Never mind the “fair play and decency” Cosby should have shown towards Andrea Constand and all the other women he drugged and had his way with while they were helpless to resist. (My understanding of how date-rape drugs like Rohypnol work is they keep you conscious but incapacitate you, so you know what is being done to you but you’re powerless to stop it.) Aside from the sheer sickness of the crime – raping a drugged partner, like raping a child, is so far from my ken I can’t imagine why anyone would want to do it – and its Mr. Hyde-like opposition to everything Bill Cosby had told us he was and used his powerful gifts as an entertainer to make us believe it, the Pennsylvania Supreme Court’s decision to free him on the ground of “fair play and decency” is an insult to any person who has been sexually assaulted and gone to the police in the vain hope that justice would result.

In the past I’ve been critical of certain aspects of the #MeToo movement. I’ve questioned the temptation to believe that mere allegations constitute proof, and I’ve been even more critical of how people have been effectively blacklisted on the basis of unproven accusations. I was appalled when people who thought they were being politically progressive started campaigns like “#Mute R. Kelly” that aimed to take his songs off streaming services. It should be your decision – not that of a corporation or of political groups pressuring a corporation to censor him – whether you still want to listen to R. Kelly or not based on the charges against him. He should have a fair trial, and if he’s convicted he should be punished like anyone else, but organizing pressure groups to take away his livelihood smacks too much of the 1950’s Hollywood blacklist, in which liberals and Leftists were tarred with the brush of “Communism,” became unemployable and had their names taken off films they’d written.

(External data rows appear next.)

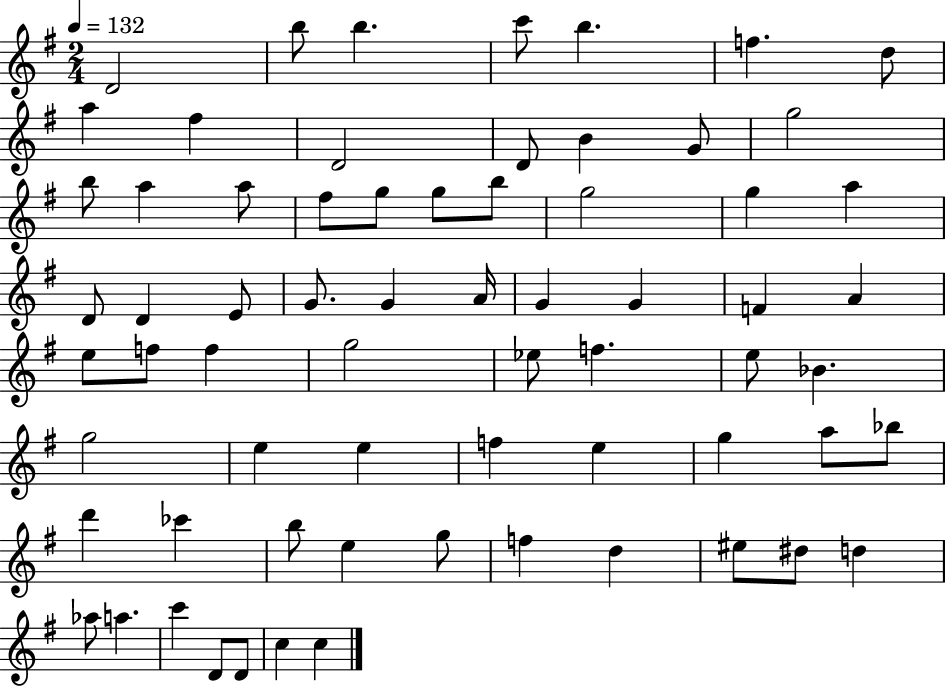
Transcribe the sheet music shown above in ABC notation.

X:1
T:Untitled
M:2/4
L:1/4
K:G
D2 b/2 b c'/2 b f d/2 a ^f D2 D/2 B G/2 g2 b/2 a a/2 ^f/2 g/2 g/2 b/2 g2 g a D/2 D E/2 G/2 G A/4 G G F A e/2 f/2 f g2 _e/2 f e/2 _B g2 e e f e g a/2 _b/2 d' _c' b/2 e g/2 f d ^e/2 ^d/2 d _a/2 a c' D/2 D/2 c c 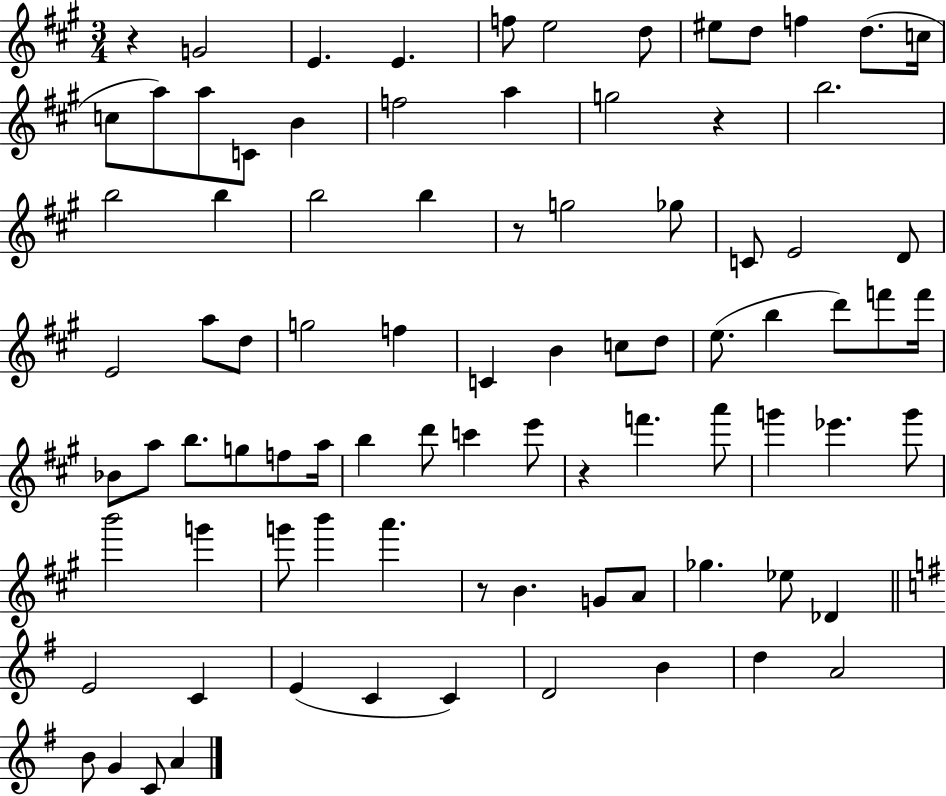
R/q G4/h E4/q. E4/q. F5/e E5/h D5/e EIS5/e D5/e F5/q D5/e. C5/s C5/e A5/e A5/e C4/e B4/q F5/h A5/q G5/h R/q B5/h. B5/h B5/q B5/h B5/q R/e G5/h Gb5/e C4/e E4/h D4/e E4/h A5/e D5/e G5/h F5/q C4/q B4/q C5/e D5/e E5/e. B5/q D6/e F6/e F6/s Bb4/e A5/e B5/e. G5/e F5/e A5/s B5/q D6/e C6/q E6/e R/q F6/q. A6/e G6/q Eb6/q. G6/e B6/h G6/q G6/e B6/q A6/q. R/e B4/q. G4/e A4/e Gb5/q. Eb5/e Db4/q E4/h C4/q E4/q C4/q C4/q D4/h B4/q D5/q A4/h B4/e G4/q C4/e A4/q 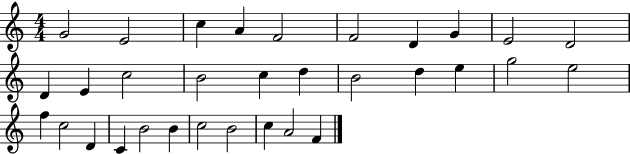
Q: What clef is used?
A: treble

But Bill Cosby had his fair trial. Indeed, as a rich man he had more of a chance to prove his innocence than most Black men accused of crime in America. He was duly tried and sentenced – and then his attorneys figured out a way they could persuade the Pennsylvania Supreme Court to let him off the hook. They earned whatever Cosby paid them, but justice suffered. And so did the overall task of holding powerful people accountable for their sexual abuse and exploitation of non-powerful people.I can’t help but wonder if Harvey Weinstein and the other #MeToo targets will also be able to weasel out of accountability for exploiting people and using them as animate sex dolls – just as I can’t help but wonder if an appeals court will let Derek Chauvin off the hook after his righteous conviction for killing George Floyd.

Sometimes appeals courts are necessary protections against judicial abuses. Other times, as in the Cosby case, they are second bites of the apple given to rich, powerful and influential defendants even after trial courts and juries have proven their guilt beyond a reasonable doubt. Erwin Chermerinsky, legal columnist for the Los Angeles Times whose writings I generally admire, took Cosby’s side in a June 30 column (https://www.latimes.com/opinion/story/2021-06-30/bill-cosby-case-overturned-fifth-amendment-court) that read, “The Pennsylvania court’s ruling is disturbing in allowing Cosby to go free notwithstanding his sexual assault convictions, but it is correct in applying a crucial constitutional right.” I couldn’t disagree more: just because a previous Pennsylvania district attorney decided not to prosecute him, that shouldn’t have given a rapist a perpetual get-out-of-jail-free card.